Durante los últimos años, nos hemos acostumbrado a ver y evaluar a los gobiernos en función de las obras que entregan: mientras más grandes y rimbombantes, el gobierno es mejor. Y claro, mientras esto es exigido por la sociedad, la clase política lo va a usufructuar, por lo tanto, mientras más obras para poner una placa, cartel u otro elemento que diga quien lo hizo, mejor.
Esta “municipal” forma relación entre la sociedad y el gobierno, en la última década, se ha extendido incluso al nivel central de gobierno, algo que está explicado a partir de innegables deficiencias en infraestructura, ciertamente, pero también esta responde al gran influjo de recursos que hemos recibido como país, lo que le ha dado al gobierno una extraordinaria holgura para encarar todo tipo de proyectos, desde aquellos pequeños pero claramente necesarios, como los de una posta sanitaria en alguna comunidad alejada, hasta algunos faraónicos y de dudosa rentabilidad, como es el caso de la planta procesadora de miel, ubicada en el Chapare, donde la fumigación, necesaria para cultivos como el del banano, mata a las abejas de la zona.
Aún más, hemos visto como el programa de inversiones para los próximos años continua con esta lógica, donde la infraestructura sigue siendo la estrella de la inversión. Este programa, entonces, es algo así como un programa de monumentos que nos recordaran quien hizo la inversión. Sin embargo, después de 10 años de alzar monumentos, el enfoque sobre el que se realiza la inversión publica, particularmente de la del gobierno central, debería cambiar.
Y no porque la infraestructura ya no importe (de hecho en Bolivia aún estamos por debajo de muchos de los indicadores de la región en cuanto a este tema se refiere), si no porque a medida que logramos construir más caminos, producir más energía o inaugurar más plantas procesadoras de alimentos, lo que empieza a fallar, consistentemente, son los procesos para que esas inversiones funcionen.
Me explico, en el caso de la agricultura, por ejemplo, para dinamizar la producción de ese sector, se ha optado por la implementación de plantas procesadoras (enlatadoras, acopiadoras, beneficiadoras y demás), todas ellas bajo el control del Estado o administradas por organizaciones de productores bajo la tutela del mismo, donde la premisa es que estas, al ofrecerle al productor mejores precios de compra, incentivarán un incremento en la producción, misma que será mágicamente absorbida por el mercado interno o en su defecto exportada.

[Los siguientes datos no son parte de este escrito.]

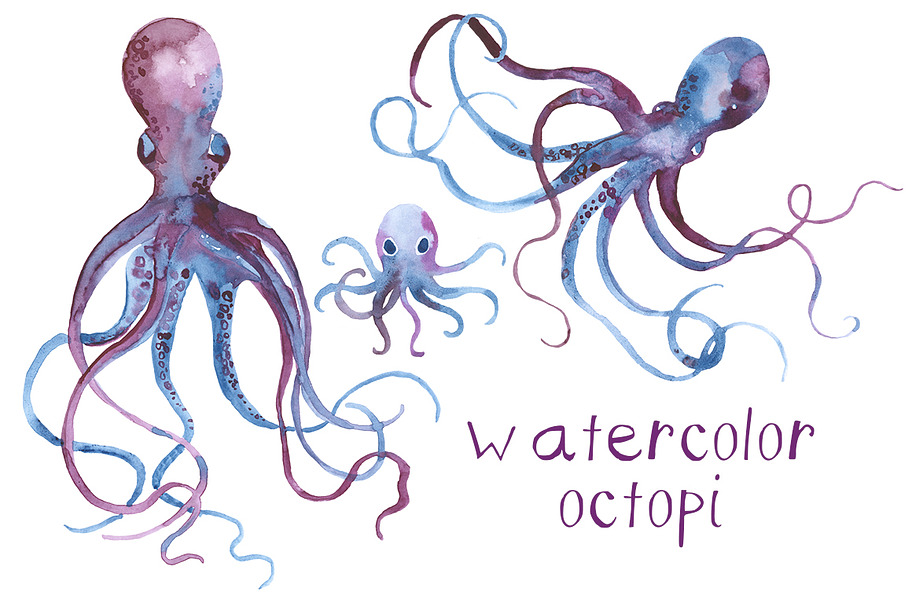 Watercolor Octopi in Illustrations - product preview 8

Esta perspectiva es sumamente limitada, algo que de lo que se ha percatado el gobierno, por lo que en algunos casos, como el del banano por ejemplo, han recurrido a la inversión en equipamiento para la producción, lo que si bien es positivo, sigue estando bajo el enfoque de inversión en elementos físicos.
Sin embargo, ni el equipamiento ni la infraestructura solucionan problemas simples como el restringido acceso a la información de mercado por parte de los productores, o peor aun, no alcanzan para facilitar la coordinación entre las diferentes entidades dedicadas a los procesos de constitución de una empresa, y ni hablar de aquellas que intervienen en las exportaciones.
Estos factores, que implican procesos, se solucionan con programas de capacitación a los funcionarios de aduana, SENASAG o impuestos por ejemplo. Muchas veces, sólo haría falta una plataforma integrada, donde productores y entidades reguladoras puedan compartir la información necesaria para facilitar los aspectos burocráticos de la actividad.

Este tipo de políticas, que hemos visto aplicadas en el sistema financiero y de identificaciones para lograr un mayor control sobre la sociedad, deberían aplicarse también al ámbito productivo, para facilitar la diversificación. Sin embargo, la dificultad de ponerle una placa a ese tipo de inversiones, explica tal vez el porqué aún no se han implementado.